Abstract

Recently, reverse genetics systems of plant negative‐stranded RNA (NSR) viruses have been developed to study virus–host interactions. Nonetheless, genetic rescue of plant NSR viruses in both insect vectors and monocot plants is very limited. Northern cereal mosaic virus (NCMV), a plant cytorhabdovirus, causes severe diseases in cereal plants through transmission by the small brown planthopper (SBPH, Laodelphax striatellus) in a propagative manner. In this study, we first developed a minireplicon system of NCMV in Nicotiana benthamiana plants, and then recovered a recombinant NCMV virus (rNCMV‐RFP), with a red fluorescent protein (RFP) insertion, in SBPHs and barley plants.

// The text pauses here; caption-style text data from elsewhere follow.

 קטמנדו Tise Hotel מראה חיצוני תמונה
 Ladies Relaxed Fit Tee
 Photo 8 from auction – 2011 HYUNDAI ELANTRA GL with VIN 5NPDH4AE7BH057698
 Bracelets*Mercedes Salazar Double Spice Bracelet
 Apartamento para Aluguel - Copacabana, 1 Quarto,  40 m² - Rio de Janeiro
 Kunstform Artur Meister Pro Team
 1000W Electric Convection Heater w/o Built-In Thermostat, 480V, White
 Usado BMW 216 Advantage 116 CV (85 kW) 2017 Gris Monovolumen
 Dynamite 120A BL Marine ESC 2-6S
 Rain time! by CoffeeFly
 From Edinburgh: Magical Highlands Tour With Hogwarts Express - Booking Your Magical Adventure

We further used rNCMV‐RFP and green fluorescent protein (GFP)‐tagged barley yellow striate mosaic virus (rBYSMV‐GFP), a closely related cytorhabdovirus, to study superinfection exclusion, a widely observed phenomenon in dicot plants rarely studied in monocot plants. Interestingly, cellular superinfection exclusion of rBYSMV‐GFP and rNCMV‐RFP was observed in barley leaves. Our results demonstrate that two insect‐transmitted cytorhabdoviruses are enemies rather than friends at the cellular level during coinfections in plants.